This map is called the Artin map. It identifies primes $p$ with $\varphi_p$, which is the unique element of $G$ that extends the Frobenius map of $\mathbb F_p[\alpha]$. This also applies to the prime at infinity.

Even more generally, for $K/F$, and $\mathfrak P$ a prime of $K$ over $\mathfrak p$ a prime of $F$, then we define the Artin symbol $\left(\frac{K/F}{\mathfrak P}\right)$ to be the $N(\mathfrak p)$-power map modulo $\mathfrak P$. This can be extended by multiplicativity to a homomorphism $I_F(\mathfrak m) \rightarrow \text{Gal}(K/F)$, which is the Artin map.

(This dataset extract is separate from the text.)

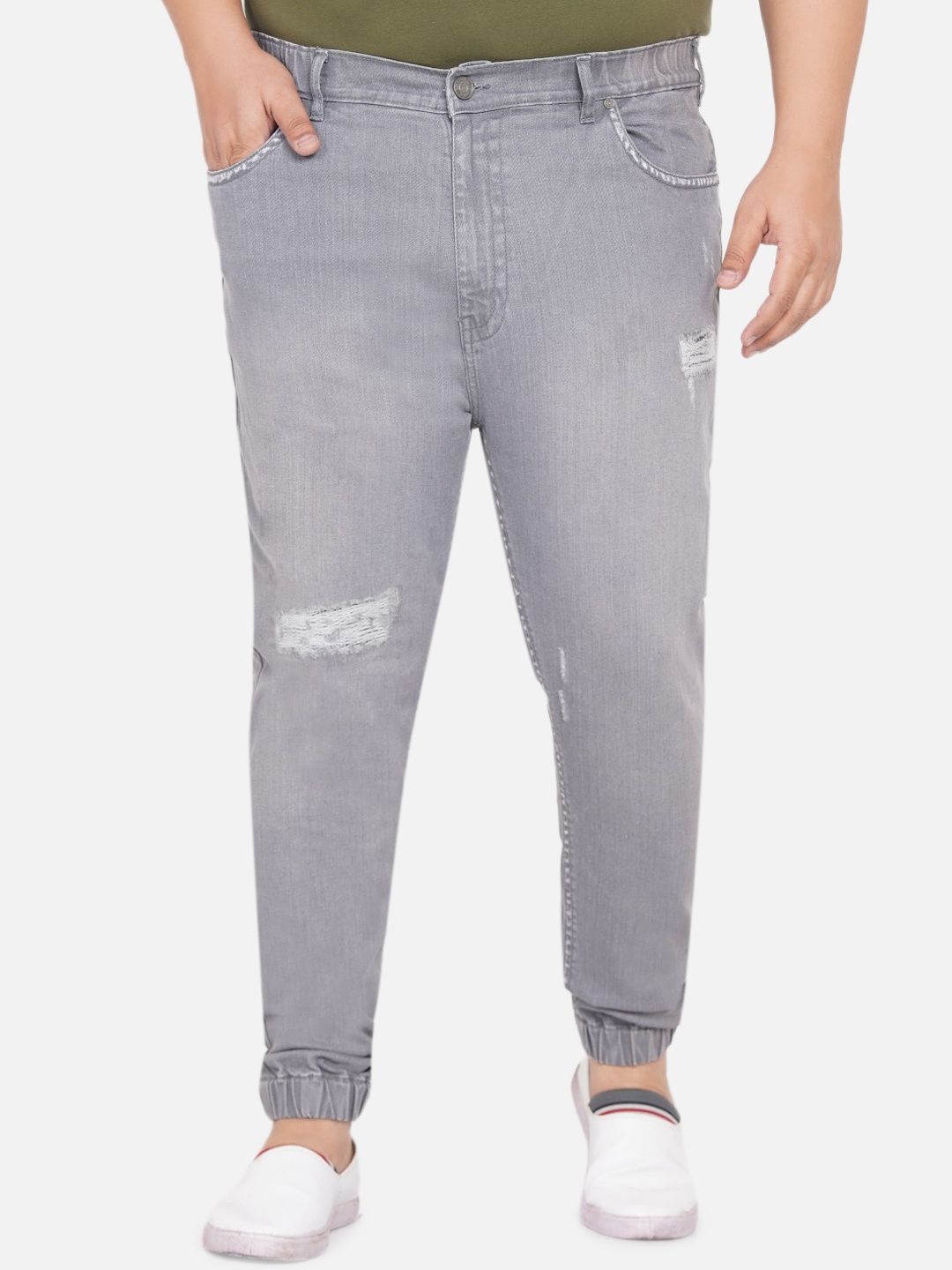 

John Pride Plus Size Men Mildly Distressed Stretchable Jogger Jeans, Grey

Another important fact is that the order of the Artin symbol is the inertial degree of $\mathfrak P$ over $\mathfrak p$ when $\mathfrak p$ is unramified. This implies that $\left(\frac{K/F}{\mathfrak P}\right) = 1$ iff $\mathfrak p$ splits completely in $K$. More generally, the Artin map tells you how $\mathfrak p$ factors in $K$.

Artin reciprocity

Let $K/F$ be an abelian extension, and let $\mathfrak m$ be a modulus divisible by all the primes of $F$ which ramify in $k$ (including infinite). Then

1. The Artin map $\Phi_\mathfrak m$ is surjective
2. The modulus $\mathfrak m$ can be chosen (with high enough powers of primes dividing it) so that we have an isomorphism $I_F(\mathfrak m)/\text{ker}(\Phi_\mathfrak m) \simeq \text{Gal}(K/F)$

This gives a nice relation between generalized class groups and Galois groups, which can be used in particular for Hilbert class fields.

• Ideles

It’s more convenient to work with completions for all the primes at once, including the primes at infinity. Accounting for all the primes reveals a nice symmetry which can be used to state and prove the theorems of class field theory in a natural way.

Places

We can define different absolute values on number fields, which must be multiplicative homomorphisms mapping 0 to 0, and satisfying a weakend form of the triangle inequality. We can arrange these into different equivalence classes based on the induced topology. These are called the palces. It turns out by Ostrowski’s theorem that each place corresponds to

1. $\mathfrak p$-adic absolute value, or a finite place
2. an absolute value for a real embedding, infinite real place
3. or an absolute value from an imaginary embedding (which is the same for the conjugate embedding), the infinite imaginary place.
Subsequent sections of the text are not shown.